Facebook Viva Youtube Viva Instagram Viva Linkedin Viva

Clubes de leitura no cárcere carregam esperança e dignidade

Envato

Programas se consolidaram, porém ainda enfrentam forte resistência das parcelas mais conservadoras da sociedade - Envato
Programas se consolidaram, porém ainda enfrentam forte resistência das parcelas mais conservadoras da sociedade

Por Fabiana Holtz e Paula Bulka Durães

redacao@viva.com.br
25/12/2025 | 16h00

São Paulo, 25/12/2025 – Diversos grupos de leitura já atuam dentro de presídios no País com o benefício da remição da pena, amparados pelo sistema legal brasileiro. Esse cenário se consolidou especialmente a partir de uma recomendação do Conselho Nacional da Justiça (CNJ) de 2013, e veio a ser reforçado pela resolução nº 391, desde 2021. Um trabalho humanitário e silencioso que segue firme, apesar dos obstáculos.

Seus efeitos positivos entre os internos e no ambiente carcerário são nítidos, conforme os mediadores desses grupos. Entretanto, a ideia de oferecer benefícios à população carcerária ainda enfrenta forte resistência das parcelas mais conservadoras da sociedade.

Leia também: Clubes de leitura se ramificam e ganham força com benefícios para saúde

“A ideia de formar os grupos de leitura em presídios no nosso caso surgiu a partir de uma sugestão do doutor Dráuzio Varela”, conta Luciana Gerbovic, que, em parceria com Janine Durand, trabalha na mediação desses clubes em presídios como o de Tremembé (SP) desde 2016, além de ser sócia-diretora da Escrevedeira Centro Cultural Literário. O início do programa Remição em Rede alcançou 10 unidades prisionais no Estado de São Paulo. As duas também são parceiras no projeto “Mulheres do Brasil”.  

[Colocar ALT]
Reflexos positivos para a saúde física e mental dos internos é inegável, diz Luciana Gerbovic
Foto: Arquivo pessoal

Ao todo, o programa formou oito mediadores na ala masculina em Tremembé ao longo de seus três anos de duração. Quando elas chegaram à unidade já existia um programa anterior, que chamava Café Literário.

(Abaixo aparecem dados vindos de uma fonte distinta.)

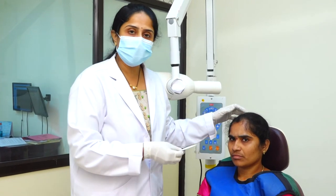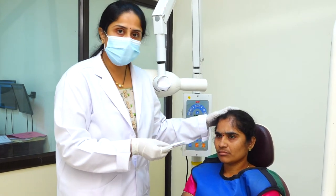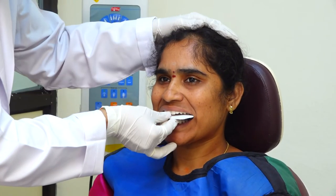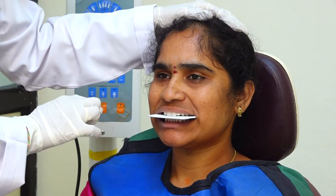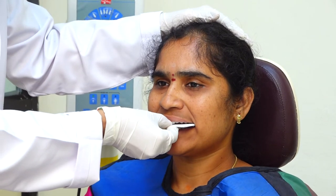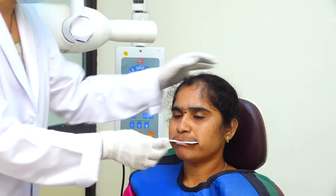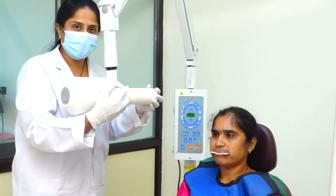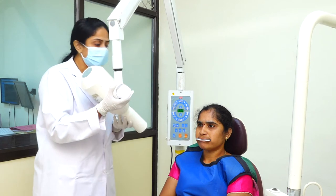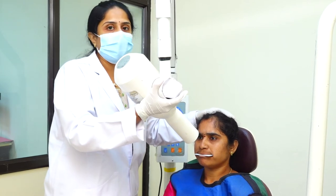First, I am taking the maxillary anterior radiograph, which covers from canine to canine. Ask the patient to open his or her mouth and place your occlusal film so that the long axis of the film is perpendicular to the sagittal plane. The posterior border of the film should touch the ramus. Ask the patient to close the lips and arrange your angulation — for the maxillary anterior radiograph the angulation should be plus 45 degrees. The central ray should pass through the tip of the nose.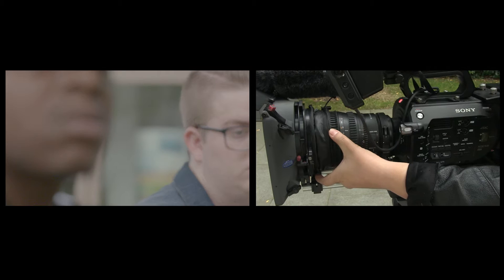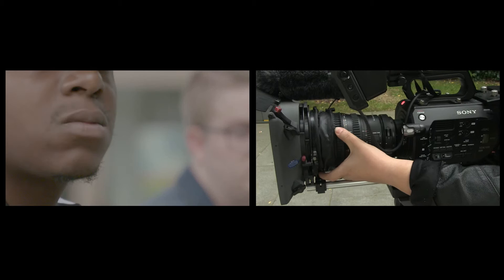Now you can see that the focus is only on one of the subjects. We can now use the focus wheel to push or pull focus between subjects as you will now see.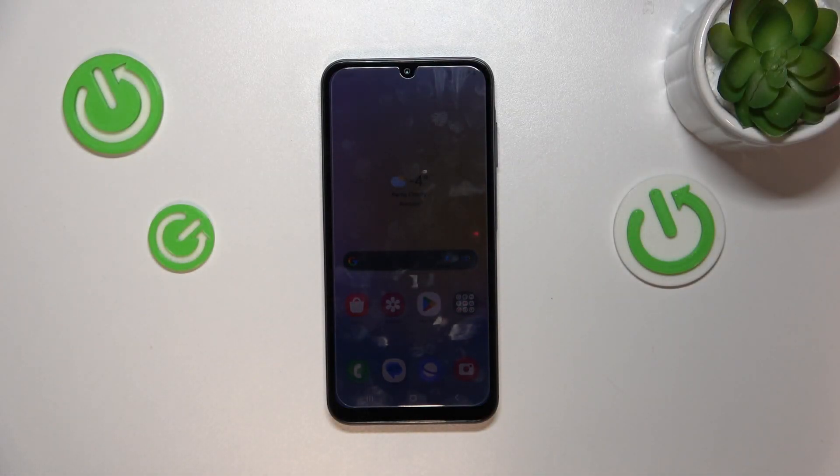Hello, today I will show you how to hide your photos on your Samsung Galaxy A25.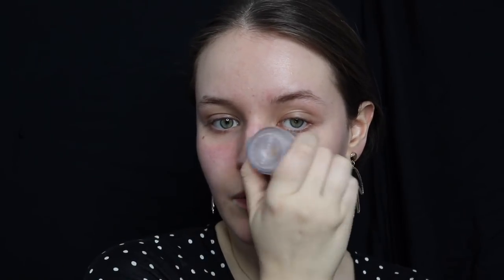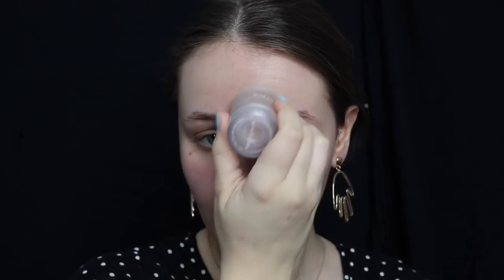Next I'm going to use the Milk Original Blur Stick. I like using this in the nose area just because my pores are a little bigger there and it really fills them in nicely. They also make a luminous blur stick which I really want to try. I kind of press it in as I'm swiping it on to really get it into those pores. You can see it instantly mattifies anywhere you put it on. I also put this on my forehead a little bit and on my chin.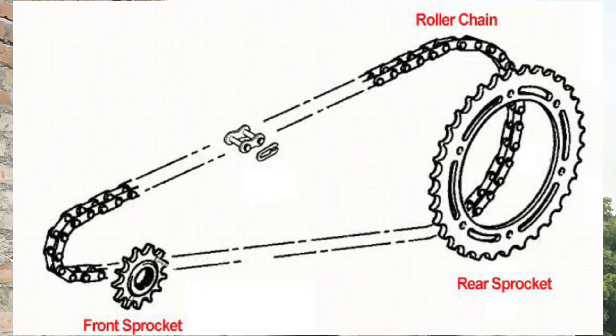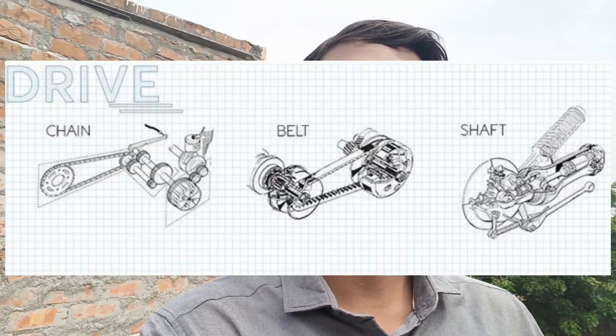This is the sprocket motor. Basically, three types are the chain drive, belt drive and shaft drive. We use the chain drive on a bike, and the belt drive on a scooter with CVT transmission.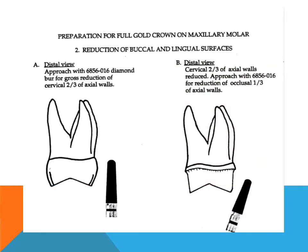Reduction of buccal and lingual surfaces: The axial surfaces are reduced just enough to remove all axial undercuts, establish a 5-degree taper to occlusal, and create a chamfer finish line approximately 0.5 mm above the crest of the gingiva. The gross reduction of the buccal and lingual surfaces is started with a round-ended tapered diamond burr, held parallel to the long axis of the tooth. The rounded end of the burr will create the chamfer margin, and the taper of the diamond burr establishes the necessary convergence to the occlusal.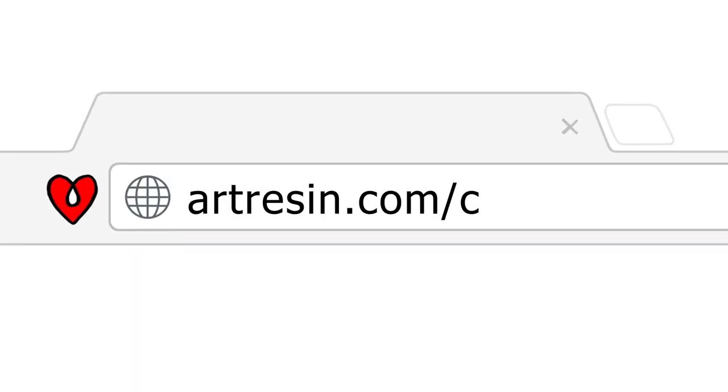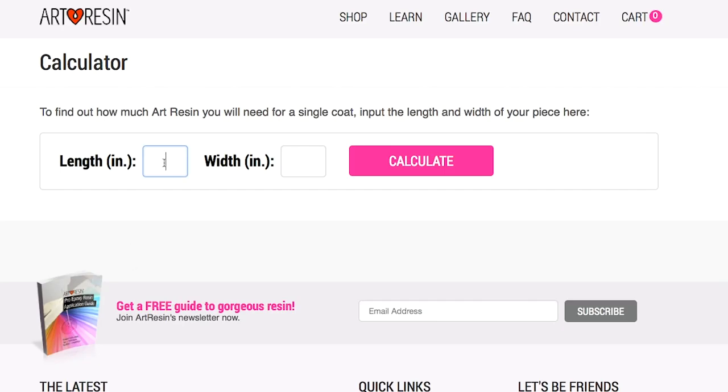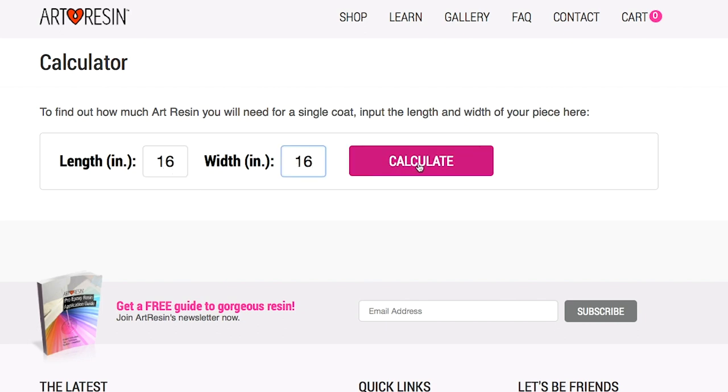To make the math simple for you, we have a resin calculator at artresin.com/calculator, where you can simply punch in the length and width of your piece and it will tell you exactly how much product you need, as well as make a recommendation for what size kit makes the most sense for you. One little tip: when you're measuring your ArtResin, it's always better to have a little more than not enough.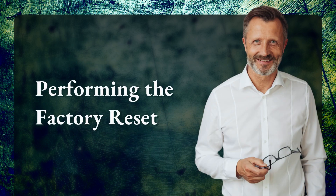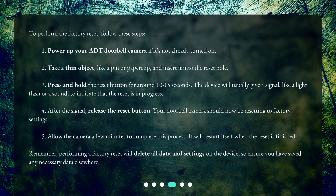To perform the factory reset, follow these steps. First, power up your ADT doorbell camera if it's not already turned on. Then take a thin object, like a pin or paper clip, and insert it into the reset hole. Next, press and hold the reset button for around 10 to 15 seconds. The device will usually give a signal, like a light flash or a sound, to indicate that the reset is in progress.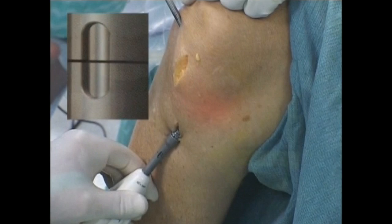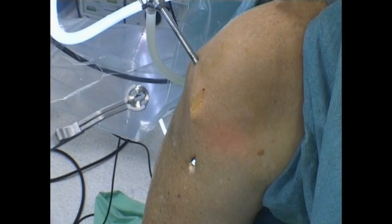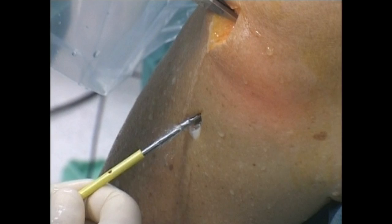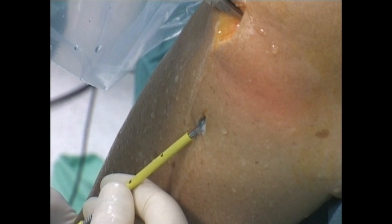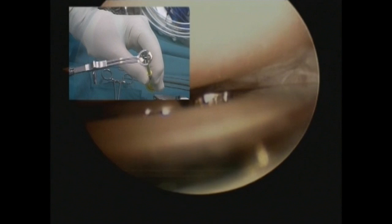The blade stop driver and the introducer are advanced as one unit. The blade stop is at the correct depth when the tip of the introducer is flush with the tibial plateau and the laser marks on the driver and the introducer are aligned in the slotted window. The tibial cutting blade is introduced through the anteromedial portal with the long slot facing posteriorly to the joint. The blade drive shaft is moved through the tunnel until it is visible in the joint. Push the tip of the drive shaft through the centre of the cutting blade. Connect the cutting blade to the blade drive shaft by turning the drive shaft 90 degrees and pull distally to engage the blade.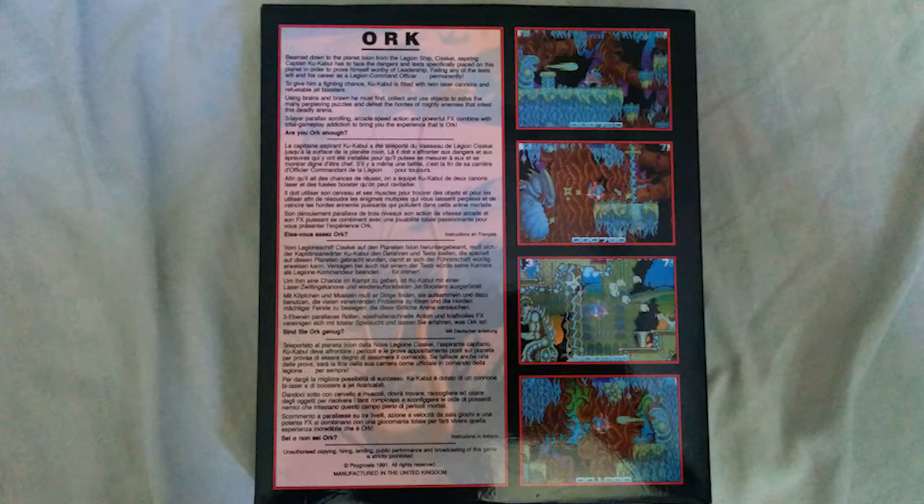Here's the back of the box with some generic marketing stuff — boasting about its three-layer parallax scrolling, arcade speed action, and powerful FX. The screenshots look pretty nice too. The storyline is that you're a member of an alien race with a very difficult training program to become a captain of a ship, and you've got to do a test — the entire game is actually a test, which is kind of interesting.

Ao descrever seu cotidiano, Gerbovic afirma que “é aprender a trabalhar no caos, fazendo o que é possível”. Mas, segundo ela, o impacto no ambiente prisional é visível, que melhora até no momento das visitas das famílias.

O clima muda, a conversa muda, o comportamento fica claramente melhor e diminui a violência.”

A dupla concluiu dois programas no Tremembé e no momento iniciou um no presídio feminino em Santana (SP) e outro em Iperó, segundo a mediadora, que também é professora e escritora.

Seu trabalho pode ser conhecido mais a fundo no livro Clubes de Leitura: uma aposta nas pequenas revoluções, lançado em 2024 pela Companhia das Letras.

Como funciona o benefício?

De acordo com a Resolução nº 391, do CNJ, o interno em regime fechado ou semi aberto tem um prazo de 21 a 30 dias para ler uma obra e entregar uma resenha.

Com base nesse relatório de leitura, que é analisado por um avaliador, depois por uma comissão de avaliação e segue para o juiz, é possível reduzir até quatro dias da pena por livro lido.

De acordo com a lei, o interno pode ler até 12 obras em um período de 12 meses e reduzir sua pena em até 48 dias.

O programa Remição em rede tem o seu próprio modelo de relatório, com todas as exigências do Estado, mas vai além. Eles também formam pareceristas para que os funcionários que vão analisar os relatórios tenham um olhar mais compreensivo com as dificuldades dos internos.

Parceiros e o olhar punitivista da sociedade

O maior empecilho, na avaliação de Gerbovic, está na visão punitivista da sociedade. “Vejo uma desumanização dos presídios. O desejo de impor castigo em cima de castigo, com aquele discurso do bandido bom é bandido morto”, lamenta.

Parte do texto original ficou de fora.